Safety: Tracking System Glitches

By David Evans | January 1, 2003
Send Feedback

The use of a procedure in aviation similar to "Ctrl-Alt-Delete" as a last-ditch stratagem to resuscitate a dead personal computer has one big difference: one’s personal computer does not have to reboot and fly an airplane with hundreds of people on board.

The case concerns the fatal Nov. 12, 2001, crash of American Airlines Flight 587, in which a balky yaw damper was reset before flight. About a minute after takeoff, the accident airplane, an A300-600, encountered wake turbulence from a preceding B747-400 and, in the space of about seven seconds, four rapid back-and-forth rudder movements caused aerodynamic loads to build up rapidly and snap off the tail. Pedal movements captured by the digital flight data recorder (DFDR) provide circumstantial evidence that pilot actions are involved (see October 2002, page 45). However, the A300-600 has a history of occasional uncommanded rudder movements, incidents of high aerodynamic loadings on the tailfin, and an anecdotal reputation as a "tail wagger."
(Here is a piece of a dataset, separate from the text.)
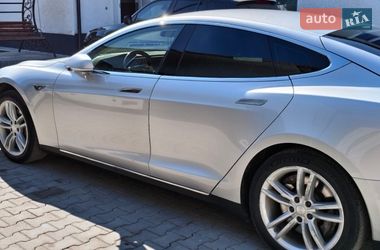 Лифтбек Tesla Model S 2014 в Глыбокой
So far, in the exhaustive investigation still ongoing, it appears that the yaw damper performed properly during the airplane’s brief flight. It apparently did not perform properly before pushback at New York’s John F. Kennedy International Airport. Buried in the thousands of pages of documents released by the National Transportation Safety Board (NTSB) is this mention:

  • "According to statements taken by the Port Authority of New York and New Jersey, between 0730 and 0800, an American Airlines maintenance crew chief received a radio call from the cockpit of Flight 587 reporting that the number two pitch trim and yaw damper would not engage. He reported the problem to the avionics crew chief. [He] sent two avionics technicians to Gate 22 to investigate the problem.

  • "The technicians confirmed that the number two pitch trim and yaw damper system could not be engaged. An Auto Flight System [AFS] check was performed on the airplane and indicated a number two flight augmentation computer [FAC] fault.
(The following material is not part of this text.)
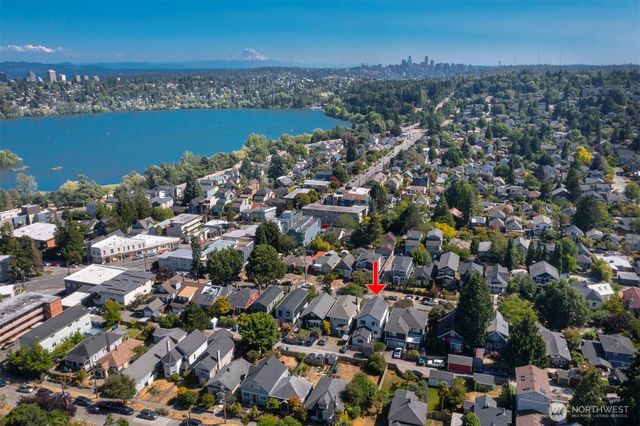 738 N 73rd Street, Seattle, WA 98103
  • "The circuit breaker was cycled for the system and another AFS check was performed. The problem was corrected."

Was it really? Or did cycling the circuit breaker and the successful retest mask a subtler fault? Probe deeper into the NTSB documents and one finds this maintenance history for the accident aircraft: 12 failures of the number two pitch trim in the year before the accident. The failures involved not staying engaged/disengaged during climb-out.

Consider the larger maintenance history over this period of time. It’s a veritable acronym soup of swapped-out components.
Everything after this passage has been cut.